▶ _What the task asks_
Transcribe the lines below exactly. No image belongs in the transcription.

▶ _Recorded data_

---

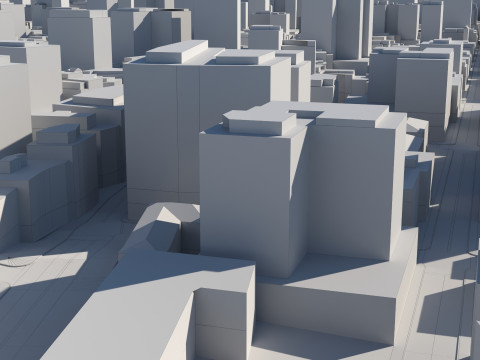City 113 Modelo 3D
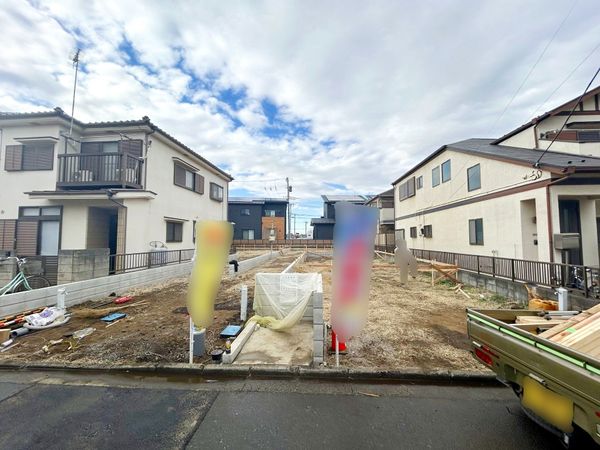 所沢市向陽町 新築戸建 A号棟 その他現地 その他現地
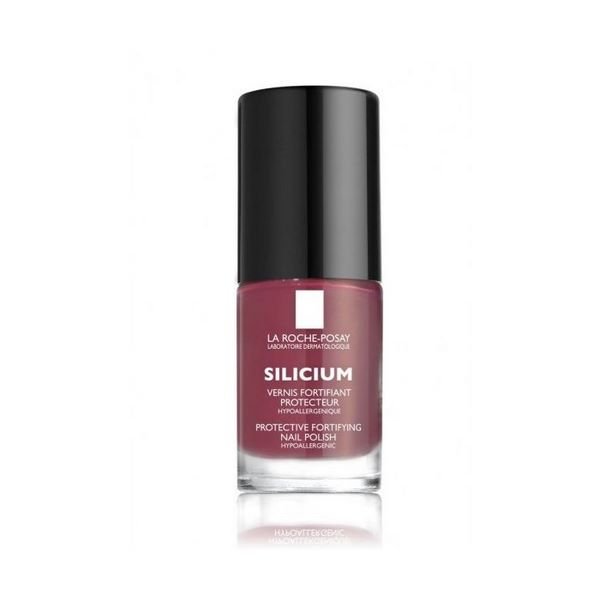 La Roche Posay Toleriane Silicium Verniz de Unhas 16 Framboesa 6ml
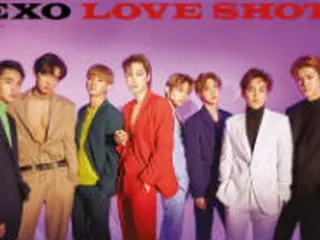 「EXO」、米ビルボード・ワールドデジタルソング・セールスチャート3週連続1位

---

▶ _Answer section_
City 113 Modelo 3D
 所沢市向陽町 新築戸建 A号棟 その他現地 その他現地
 La Roche Posay Toleriane Silicium Verniz de Unhas 16 Framboesa 6ml
 「EXO」、米ビルボード・ワールドデジタルソング・セールスチャート3週連続1位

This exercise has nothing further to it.